*** MATERIAL SUPPLIED ***
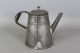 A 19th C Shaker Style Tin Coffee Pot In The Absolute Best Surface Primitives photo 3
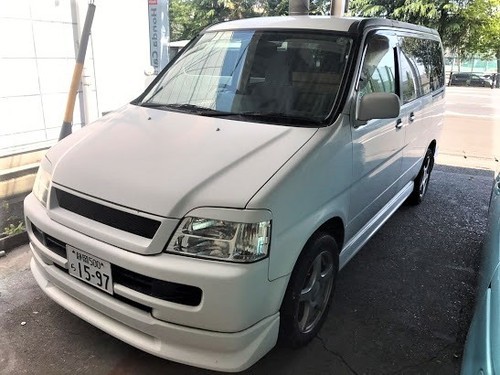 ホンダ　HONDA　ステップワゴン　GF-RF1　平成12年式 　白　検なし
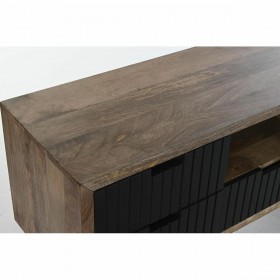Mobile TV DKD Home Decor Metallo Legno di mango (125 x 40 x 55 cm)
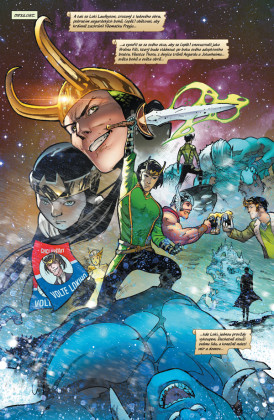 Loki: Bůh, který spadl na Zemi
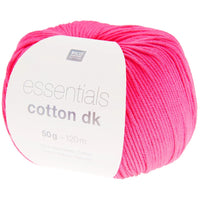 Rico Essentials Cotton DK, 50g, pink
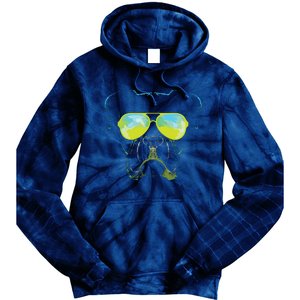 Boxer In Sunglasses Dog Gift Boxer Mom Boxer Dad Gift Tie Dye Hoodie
*** End of MATERIAL SUPPLIED ***
*** MATERIAL SUPPLIED ***
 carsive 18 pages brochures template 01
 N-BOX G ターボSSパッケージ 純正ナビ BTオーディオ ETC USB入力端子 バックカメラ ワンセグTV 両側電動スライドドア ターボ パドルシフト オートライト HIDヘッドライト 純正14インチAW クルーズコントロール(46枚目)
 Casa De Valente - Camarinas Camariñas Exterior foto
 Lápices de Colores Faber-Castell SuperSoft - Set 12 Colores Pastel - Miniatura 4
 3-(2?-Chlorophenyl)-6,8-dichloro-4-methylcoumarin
*** End of MATERIAL SUPPLIED ***
_ABOUT THIS TASK_: Output should consist of the lines above from the one with "Rico Essentials Cotton DK, 50g, pink" down to the one with "Boxer In Sunglasses", exact and without pictures.

_REPLY TO THE EXERCISE_:
 Rico Essentials Cotton DK, 50g, pink
 Boxer In Sunglasses Dog Gift Boxer Mom Boxer Dad Gift Tie Dye Hoodie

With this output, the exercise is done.